Whisk together flour, baking soda, cinnamon, salt and nutmeg and oats.
Beat butter and sugars until creamy. Add egg one at a time and mix until thoroughly blended. Add vanilla. Add the flour and oat mixture and mix just until blended.
Divide dough into about 12 portions, form into a ball and place 6 on each prepared baking sheet. Press down with your palm of your hand to flatten the tops slightly.
Bake 8 to 10 minutes or until light golden brown. Cool 1 minute on cookie sheets; remove to wire rack. Cool completely. Store in an airtight container.
Vanilla Ice Cream
adapted from The Perfect Scoop by David Lebovitz
Makes about 1 quart
1 C milk
pinch of salt
3/4 C sugar
1 vanilla bean
2 C heavy cream
5 large egg yolks
1 t pure vanilla extract
Heat milk, salt and sugar in a saucepan to a low simmer. Split the vanilla bean lengthwise with a paring knife, scrape the seeds into the milk and add bean pod. Remove from heat, cover and infuse for one hour.
Pour the cream into a medium bowl and set a strainer over the top.
In a separate bowl, whisk together the egg yolks.
Reheat the milk until warm to the touch. Gradually pour some of the milk into the yolks, whisking constantly as you pour. Return the warmed yolks and milk back into the saucepan.
Cook over low heat, stirring constantly and scraping the bottom of the pan with a heat-resistant spatula until the custard thickens enough to coat the spatula, leaving a clear track when you run your finger through it. Take off heat immediately and strain the custard into the heavy cream. Whisk the mixture to blend thoroughly and to cool. Add vanilla extract. Refrigerate to chill thoroughly, preferably overnight.

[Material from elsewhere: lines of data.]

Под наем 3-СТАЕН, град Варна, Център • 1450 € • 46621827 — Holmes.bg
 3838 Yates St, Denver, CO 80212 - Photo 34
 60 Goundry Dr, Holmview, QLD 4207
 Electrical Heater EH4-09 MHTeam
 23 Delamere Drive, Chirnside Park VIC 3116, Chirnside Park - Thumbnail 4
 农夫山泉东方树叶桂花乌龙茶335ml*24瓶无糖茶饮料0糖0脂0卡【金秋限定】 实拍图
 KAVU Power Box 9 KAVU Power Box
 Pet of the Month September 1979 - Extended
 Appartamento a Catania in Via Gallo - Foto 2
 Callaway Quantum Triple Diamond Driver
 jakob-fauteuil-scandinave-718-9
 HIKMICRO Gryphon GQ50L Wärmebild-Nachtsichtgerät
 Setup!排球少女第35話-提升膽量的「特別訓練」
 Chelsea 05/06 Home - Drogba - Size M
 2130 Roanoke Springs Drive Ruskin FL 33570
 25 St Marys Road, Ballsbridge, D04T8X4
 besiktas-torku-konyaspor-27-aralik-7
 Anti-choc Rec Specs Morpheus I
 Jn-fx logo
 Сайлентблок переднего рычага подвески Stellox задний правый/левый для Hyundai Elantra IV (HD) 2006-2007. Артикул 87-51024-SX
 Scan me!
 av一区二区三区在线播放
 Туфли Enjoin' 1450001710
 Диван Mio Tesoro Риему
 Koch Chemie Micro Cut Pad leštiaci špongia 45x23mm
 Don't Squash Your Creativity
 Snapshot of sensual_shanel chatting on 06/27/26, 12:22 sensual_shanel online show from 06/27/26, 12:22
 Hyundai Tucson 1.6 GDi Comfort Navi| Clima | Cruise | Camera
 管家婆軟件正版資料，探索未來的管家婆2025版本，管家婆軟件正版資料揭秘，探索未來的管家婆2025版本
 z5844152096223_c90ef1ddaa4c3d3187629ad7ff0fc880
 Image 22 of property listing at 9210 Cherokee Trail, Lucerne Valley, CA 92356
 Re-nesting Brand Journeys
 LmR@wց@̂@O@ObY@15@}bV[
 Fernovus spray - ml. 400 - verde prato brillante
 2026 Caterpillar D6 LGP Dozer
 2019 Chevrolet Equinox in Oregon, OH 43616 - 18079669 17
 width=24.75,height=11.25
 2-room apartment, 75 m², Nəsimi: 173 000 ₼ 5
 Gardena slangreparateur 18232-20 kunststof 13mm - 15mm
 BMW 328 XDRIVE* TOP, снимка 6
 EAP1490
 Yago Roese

Remove the vanilla bean and freeze in your ice cream maker according to manufacturer’s instructions. Pour into clean airtight container, press a piece of plastic into the surface, cover and place in your freezer to firm up.
Chocolate Shell Topping
Makes about 6 servings
6 oz bittersweet chocolate, chopped into small pieces
1 T + 1 1/2 t canola oil
Set a metal bowl over a pan of slowly simmering water, making sure that the bottom of the bowl is not touching the water. Place the chopped chocolate in the bowl along with the canola oil. Whisk gently as it melts. Take off the heat and cool to lukewarm. Pour over ice cream. The chocolate will harden into a shell within a minute or so.